Через два дня «друзья» кардинала покинули Париж. Сам он томился, не зная, чем занять себя. Когда же самая прекрасная, самая любимая женщина в мире уймёт свои страхи и позволит ему испытать такое блаженство ещё раз?
Наконец кардинал получил долгожданную весточку, листок с золотой каймой со словами, написанными её почерком. Сердце его сразу затрепетало. Это сокровище собственноручно доставил личный камергер её величества, месье Лекло — молодой человек приятной внешности с рассеянным видом праздного гуляки. На нём была новая дворцовая ливрея, но приехал он в обычной карете, чтобы не вызывать ненужных подозрений. Вполне естественно, месье не был посвящён в тайну и посему мог передать кардиналу лишь обычные дворцовые сплетни.

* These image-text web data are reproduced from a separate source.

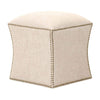 Ottoman | Fully Upholstered | Bisque Cream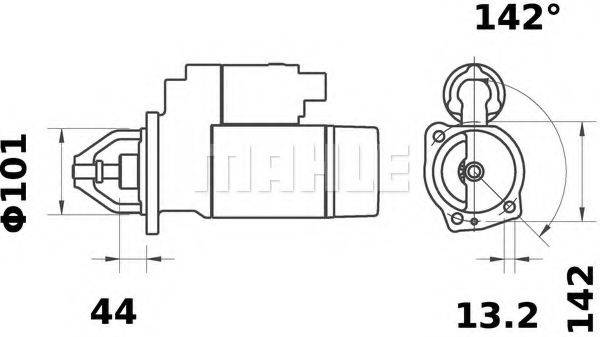 GAZ 8.8676 Стартер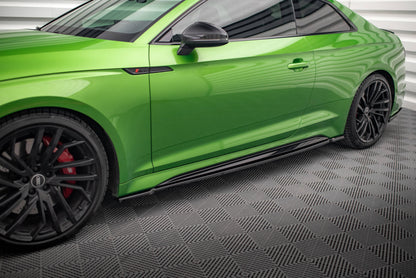 Side skirts diffusers audi rs5 coupe f5 facelift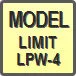 Piktogram - Model: Limit LPW-4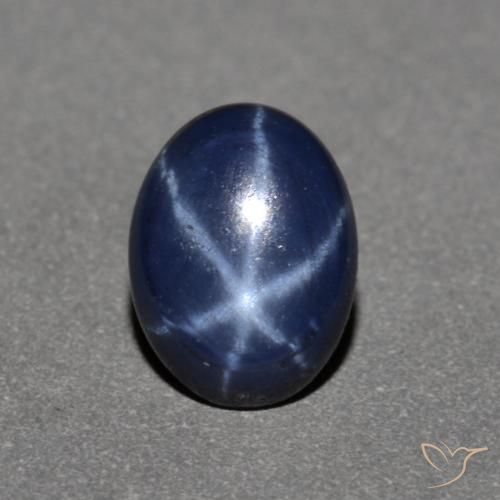Safira estrela Crepúsculo Azul Natural 0.92ct, oval, Opaco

Он был несколько удивлён и даже смущён подобным поручением, хотя и старался не подавать виду. Несомненно, Лекло полагал, что в переданном его преосвященству конверте скрывалась какая-то важная государственная тайна. Её величество лично передала ему своё письмо и попросила всё исполнить побыстрее и с должными предосторожностями. Нет, больше она ничего не сказала, но она, была чем-то чрезвычайно взволнована. Она не сказала, нужно ли ему дожидаться ответа.
Кардинал тут же удалился в свою комнату, чтобы прочитать дорогое ему послание наедине, а нарочный тем временем щедро угощался дорогими винами и закусками. Письмо было, по-видимому, написано под воздействием меланхолического настроения. Королева корила себя за то, что вселила хрупкие надежды на личную встречу, но судьбе было угодно, чтобы они не сбылись. К сожалению. Но такая страстная любовь вполне может оправдать подобную неудачу. И хотя они так и не смогли увидеться тогда, в Версальском саду, всё равно они дышали там одним воздухом, и уже одно это — громадное утешение для неё в этой тюрьме, стены которой возведены её высоким положением и дворцовым этикетом.